In March we announced that we were consumer debt free. Normally, after becoming debt free, most people begin Baby Step 3; 3-6 months of expenses in savings. We, however, took a little detour and paid cash for some things around our house that needed to be fixed.

It is now October and we are on Baby Step 2{b}.

Dave Ramsey does not have a Baby Step 2{b}, but that is what I am calling it for us. My husband and I were in a discussion most of the summer as to what step we needed to be on. I wanted to go onto BS3 because I felt like we worked really hard to get rid of all our credit card debt and car payment. It was time to build up the Fully Funded Emergency Fund {FFEF} because I wanted to see a lot-o-cash in the bank. Not that I just wanted cash, mind you. Every year for the last 3 years my husband has been faced with layoffs. With God’s grace and my husband’s relentless searching he was able to obtain employment right before each layoff was to take place. For me, the FFEF would be peace of mind just in case we faced a fourth year of a possible layoff.

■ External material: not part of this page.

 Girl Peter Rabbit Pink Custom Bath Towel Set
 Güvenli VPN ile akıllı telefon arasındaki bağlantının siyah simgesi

My husband wanted to pay off the HELOC.

To me, the HELOC is a mortgage payment so I thought we should just lump that in with our regular mortgage payment and then head off to BS3. But, my husband listens to Dave Ramsey’s podcast and he happen to hear the exact question of the situation we were in and heard Dave’s answer.

Pay off the HELOC if it is less than half of your yearly salary.

Well, crap. We are just below that mark. Plus, our house has lost a LOT of value and if we pay off the HELOC we will be at an even point with our mortgage and house value.

In order to not feel defeated that we were technically still on BS2, I decided to call it Baby Step 2b just to feel like we’ve made progress. Don’t get me wrong, we have made progress. Ridding ourselves of $40K in consumer debt is a HUGE accomplishment. I just really wanted to be on the top of the hill rather than still climbing it.